Evangeline Trimble learned the spectacle was a century plant in bloom. While the name would suggest the plant blooms once every 100 years, century plants typically have lifespans of 10 to 30 years. The plant’s life usually ends with a rapid sprouting, propelling to heights of up to 20 feet. Typically found in the arid deserts of the Southwest region and in Mexico, the century plant’s bloom is almost ethereal in nature, resembling a scene from a science fiction movie or a prehistoric era.

The origin of the century plant on 27th Street in Reserve is unknown, but neighbors can confirm it has been moved about four times in the past 25+ years.

Mary Ann Jones once had the century plant on her front porch.
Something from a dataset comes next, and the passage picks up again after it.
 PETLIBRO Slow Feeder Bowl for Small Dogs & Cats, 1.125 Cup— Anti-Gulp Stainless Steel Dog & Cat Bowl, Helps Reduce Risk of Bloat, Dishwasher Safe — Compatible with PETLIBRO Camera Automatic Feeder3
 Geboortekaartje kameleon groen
She decided to move it after the sharp points of the plant almost caught her granddaughter in the eye as she walked out the front door. It was relocated to Jones’ backyard until her sister, Cynthia Lawrence, said she would take it off her hands. At some point, Lawrence took the plant with her when she moved from 27th Street to Dupont Curve. When she moved back, the plant returned with her. Lawrence has since passed away, but the plant has remained in the front yard.

“In May, my husband started to notice how tall the plant had grown,” Jones said. “I took a picture and started asking questions about it.”

Trimble recalled how the property on 27th Street has been in her family for at least 85 years. She remembers seeing the plant when it resembled a small cactus. She learned of the cultural significance of the century plant just over a week ago, after learning that a Hispanic gentleman pulled up in a car and asked if he could have the plant. While it could not be given away, the interaction led neighbors to learn the century plant was considered sacred in ancient Aztec culture. It has also been represented as a religious symbol of immortality and everlasting life.

“It was about half of its current size when people started noticing it,” Trimble said. “Articles say it’s supposed to die once it blooms, so we are really interested to see what’s going to happen to it.”